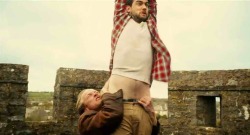 fameshowing:  Jack Whitehall in Bad Education. 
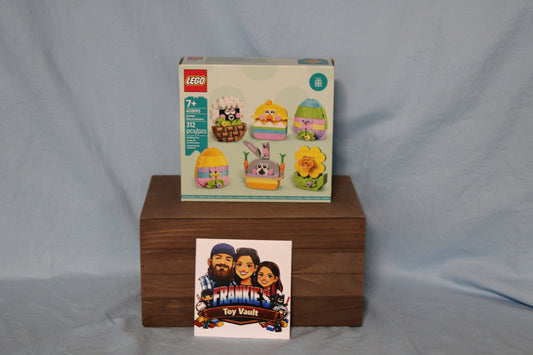 Lego 40890 Easter Decorations
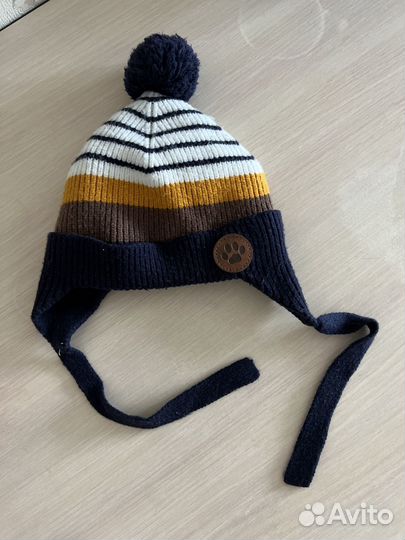 Шапка детская демисезонная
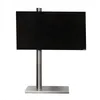 Supporto TV di design Wissmann column art 118-ES (acciaio Anteprima dell’immagine prodotto 1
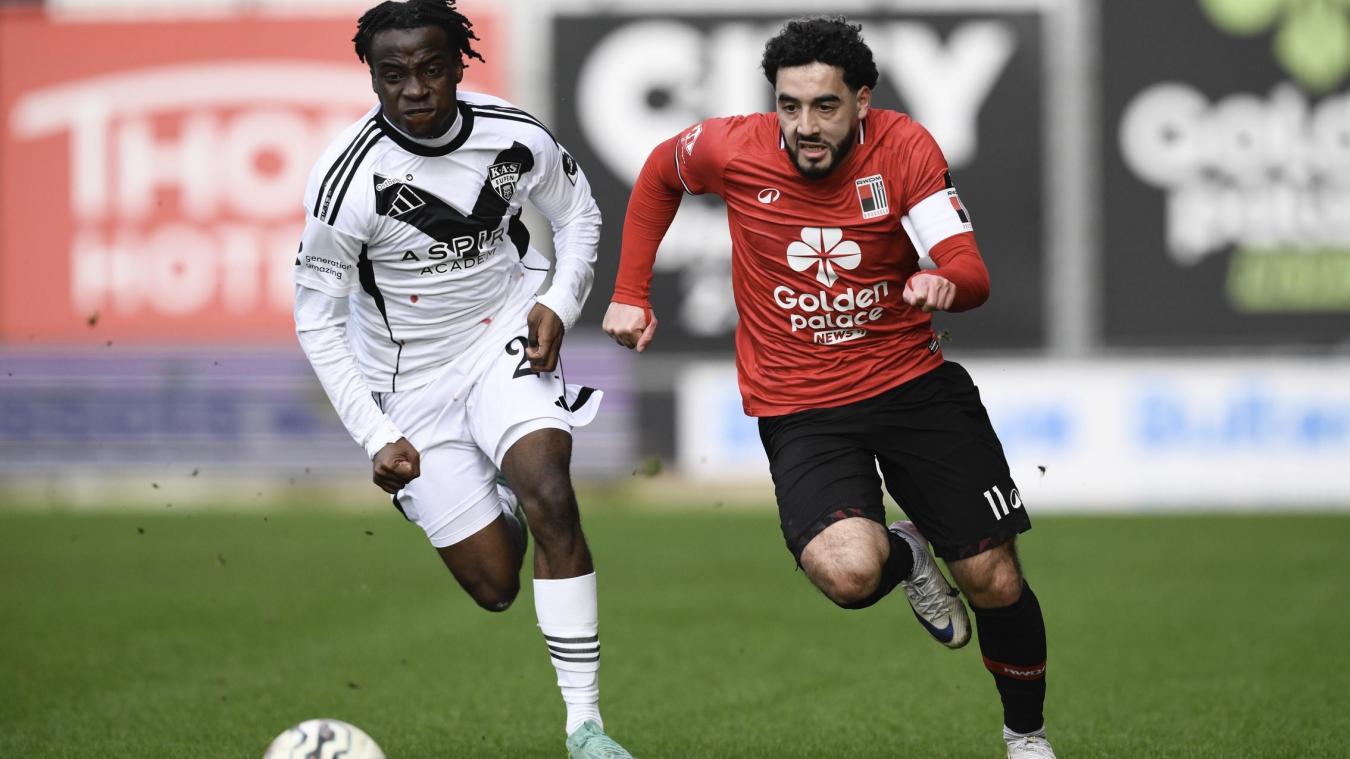 <p>[Liveticker] RWDM - AS Eupen</p>
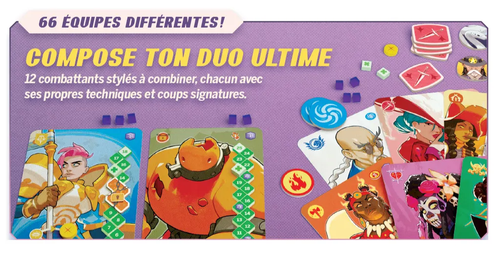 Illustration Tag Team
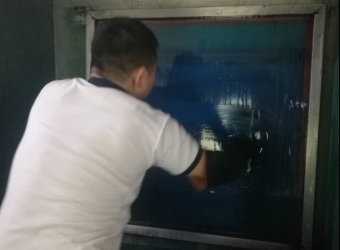 洗網用防白水用途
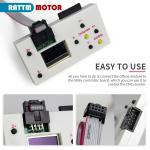 3 Axis 4540 CNC Router Desktop Milling Engraving Machine+500W Spindle+ 40W Laser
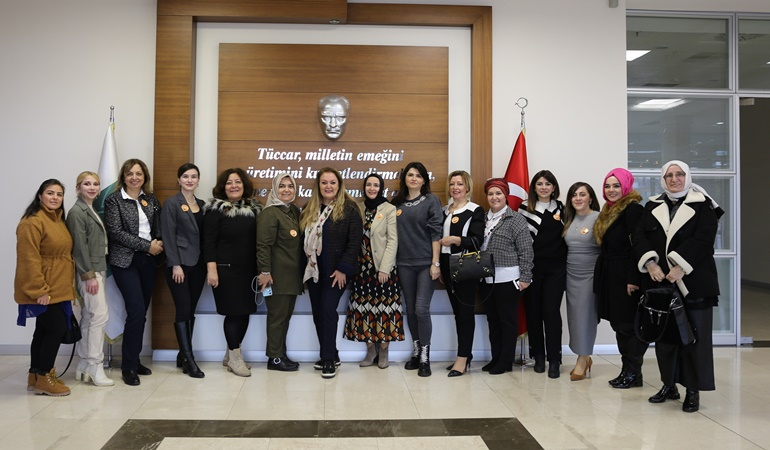 KOTO’nun kadın girişimcileri seminerde buluştu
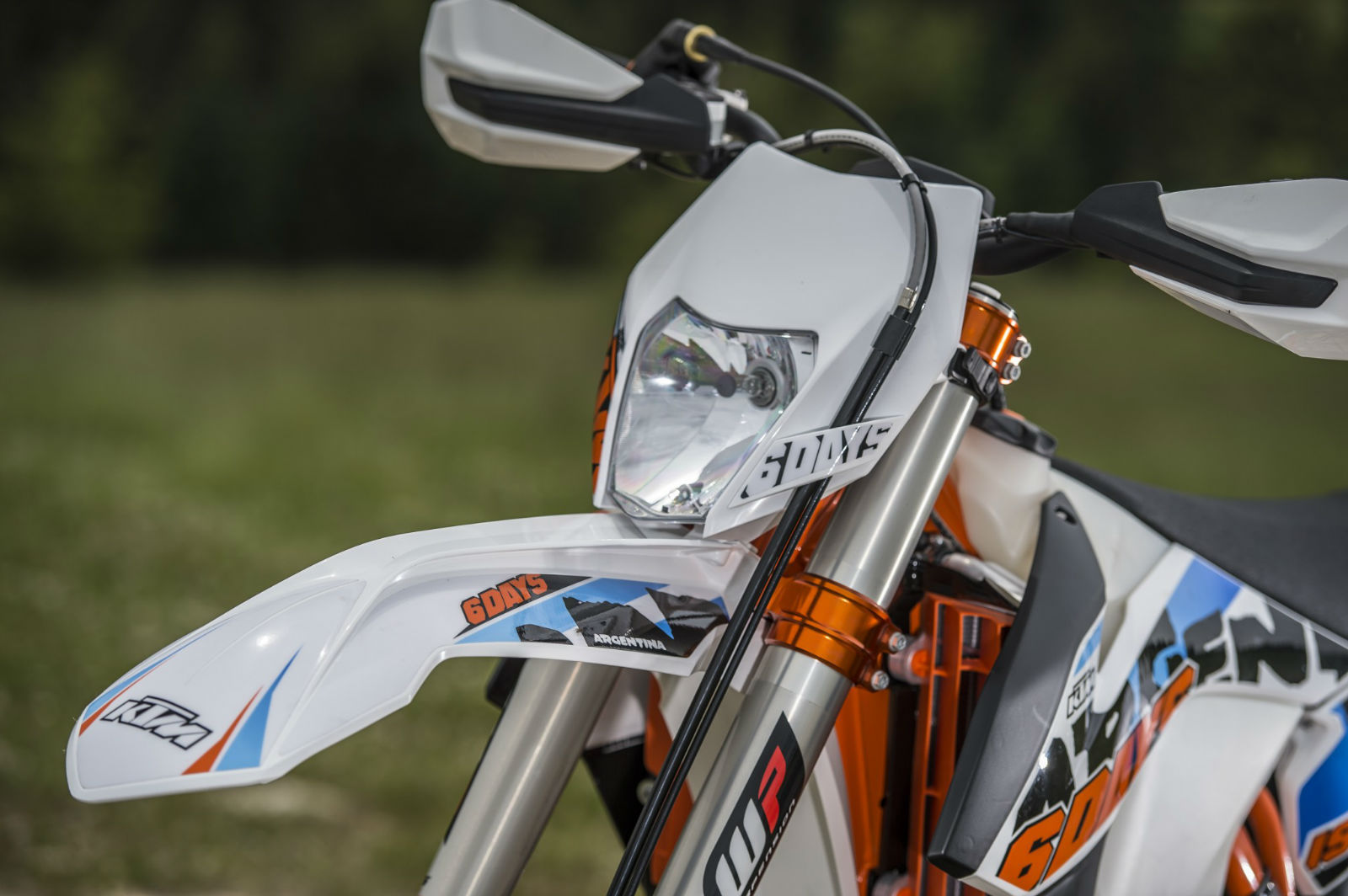 KTM EXC F 250 2015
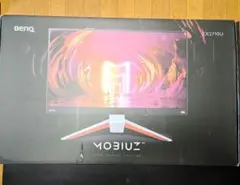 2026年最新】benq mobiuz ex2710u 4k 144hzの人気アイテム - メルカリ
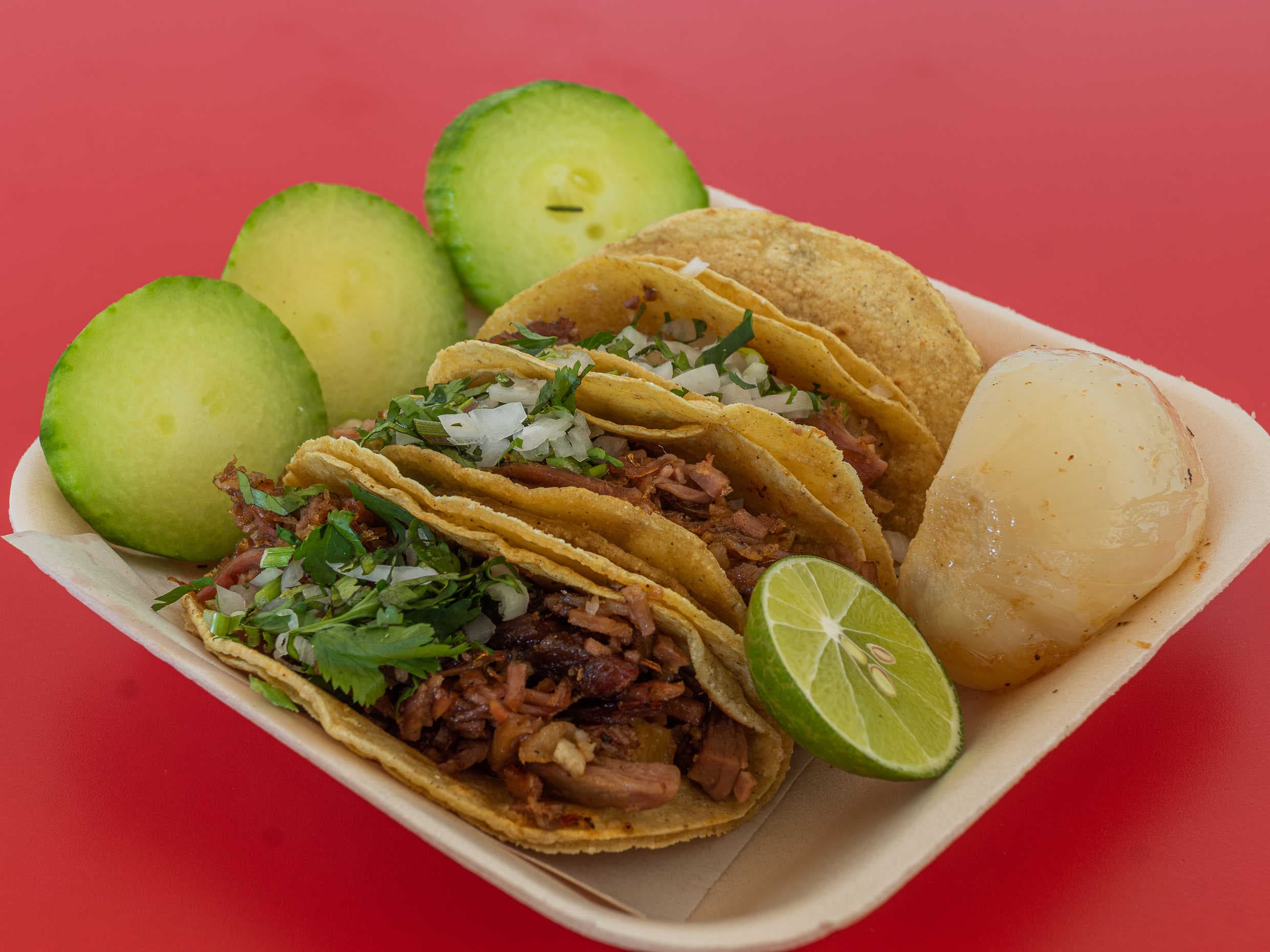 Taco Suadero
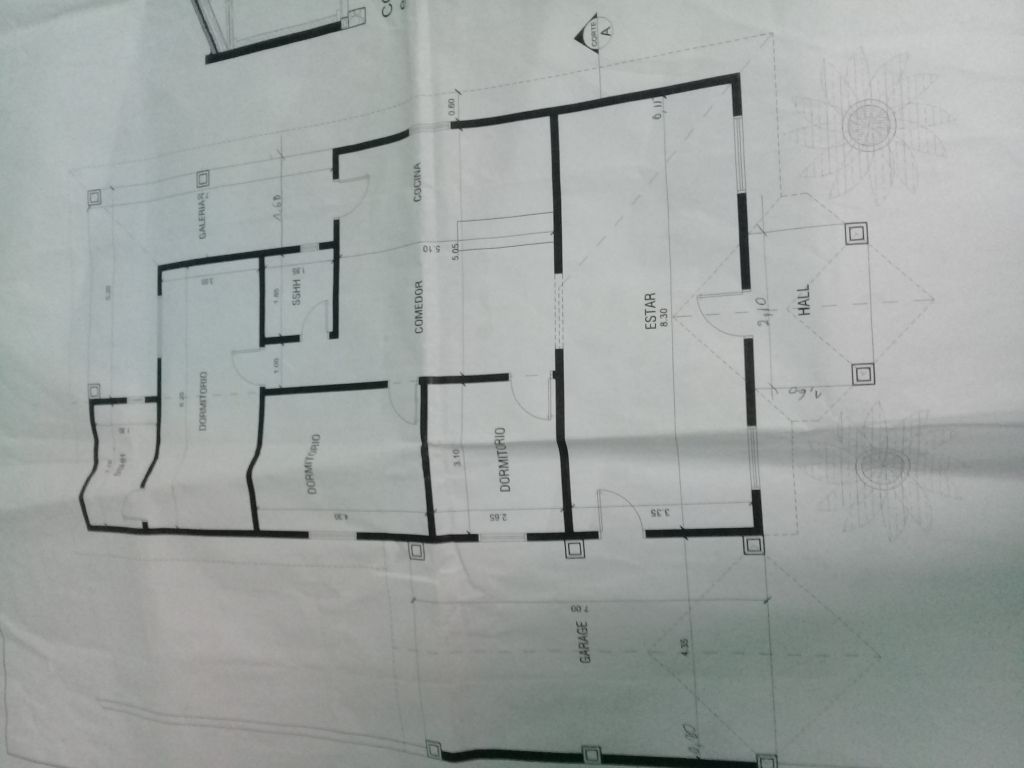 Oferto casa a terminar en Luque — foto 3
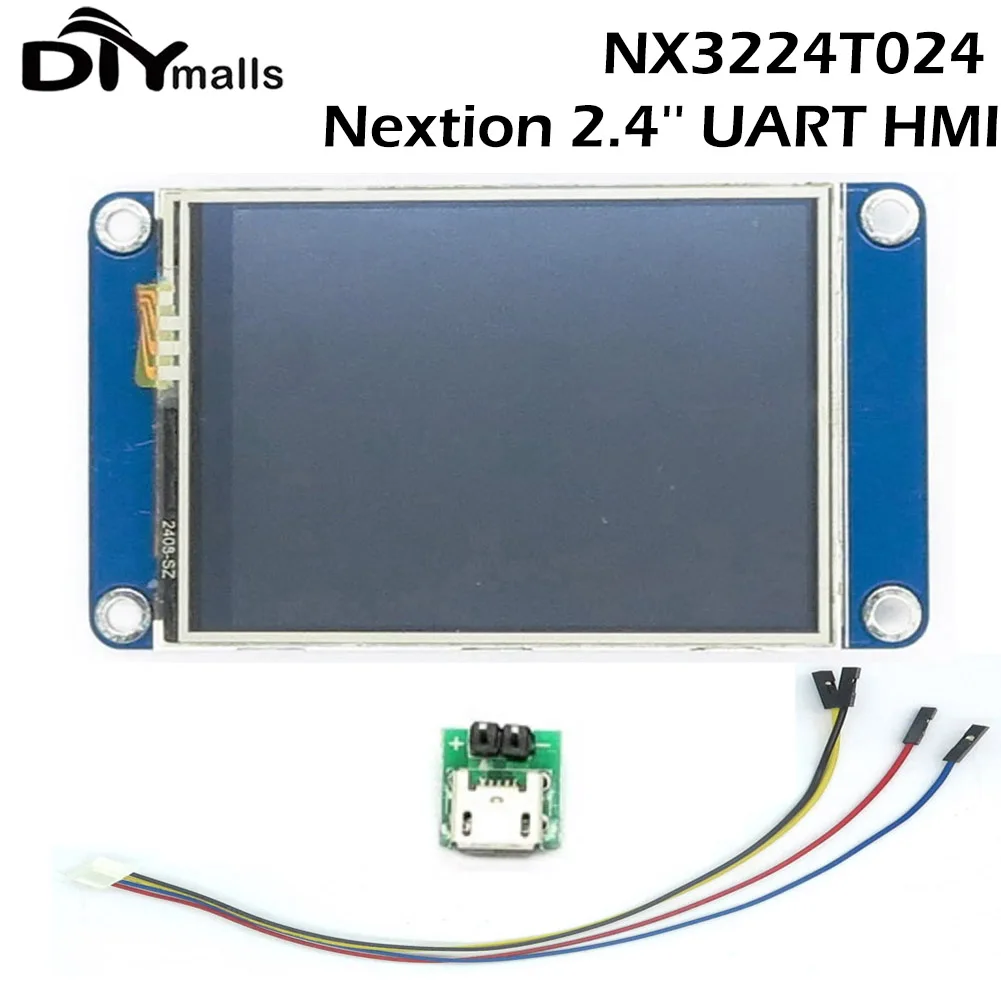 Nextion 2,4 ''uart hmi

****

Please transcribe the lines from the one containing "KTM EXC F 250 2015" to the last line of the listing, both included, exactly and with nothing added, leaving every picture out.

_ANSWER SPACE:_
 KTM EXC F 250 2015
 2026年最新】benq mobiuz ex2710u 4k 144hzの人気アイテム - メルカリ
 Taco Suadero
 Oferto casa a terminar en Luque — foto 3
 Nextion 2,4 ''uart hmi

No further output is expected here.